Florida’s first bioethanol plant would create jobs in county
The Press Journal 02/13/2010, Page B01
Florida’s first bioethanol plant would create jobs in county
VERO BEACH — Leaders of a new alternative-energy company hope to learn next month how much it would cost to build what would be Florida’s first bioethanol plant.
“Our project is a brand-new opportunity with new technology,” Tex Carter, vice president and chairman of INEOS New Planet BioEnergy LLC, said Thursday. “We’re turning garbage into ethanol.”
The Vero Beach company is a “marriage,” Carter said, between partners New Planet Energy, a development company from Marina Del Rey, Calif., and INEOS Bio, a chemical manufacturer from Lisle, Ill.
Next month, he said, INEOS New Planet leaders plan to review and estimate the costs of setting up at a proposed Oslo area location still under negotiation.
The company has been discussing buying and converting Ocean Spray Cranberries Inc.’s 71-acre former grapefruit-processing plant, southwest of Oslo Road and 74th Avenue and north of the landfill.
Carter said the demonstration ethanol-processing plant, expected to convert vegetation waste into 8 million gallons a year of fuel-grade ethanol, could provide 150 construction jobs during the next two years and 40 to 50 full-time jobs.
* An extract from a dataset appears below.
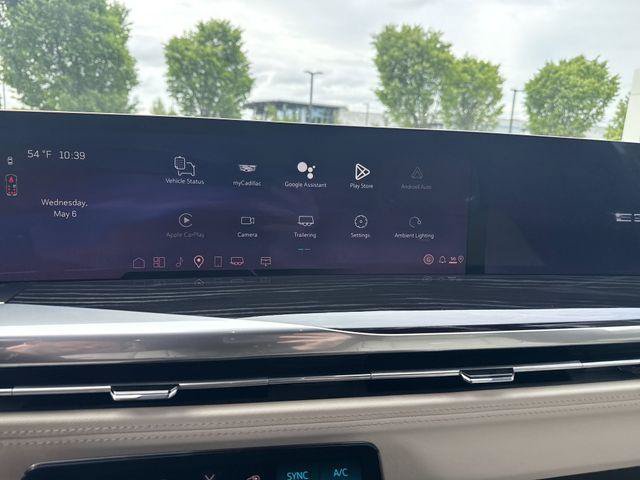 New 2026 Cadillac Escalade Sport w/ Touring Package AWD/4WD image 9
The U.S. Department of Energy in December awarded a $50 million grant to INEOS New Planet to help build the plant. Carter said the building costs will show how far that grant will go.
“If the demonstration is a good one, we’ll be on our own to grow the business without government help,” Carter told members and guests of the Indian River Neighborhood Association in a luncheon.
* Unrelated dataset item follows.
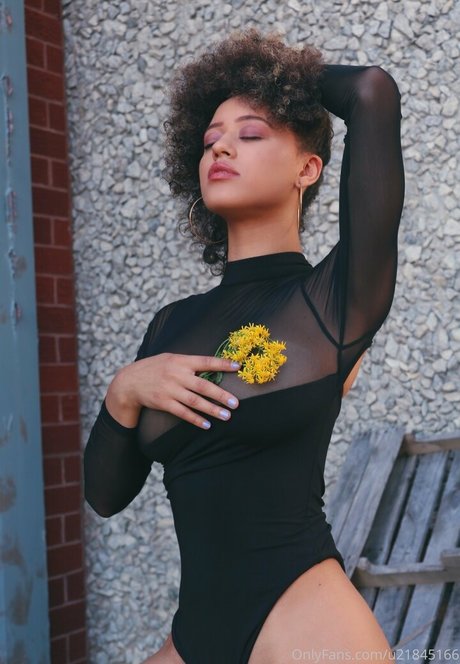 stormimayafree model hot image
Questioned by some of the members, Carter said the company chose Florida – and the Treasure Coast in particular – because this area leads the nation in producing tree clippings and other yard waste.
And it’s yard waste that will be the plant’s first “feed stock,” he said, in demonstrations for the government. After that, he said, the company could be looking to add other kinds of organic garbage.
Currently, he said, the ethanol in gasoline at Florida fuel stations comes from the Midwest. Making it in Florida would lower the costs here.
“This is a market for our product where there’s no competition,” he said. “There’s no domestic ethanol production in Florida, so we would have the ability to establish the manufacturing of clean ethanol.”
And every 8 million gallons of ethanol, he said, is 8 million gallons of foreign oil that won’t have to be imported.
IRNA Chairman John Higgs said the project, so far, meshes with his group’s goals for a sustainable economy and a high-tech job base.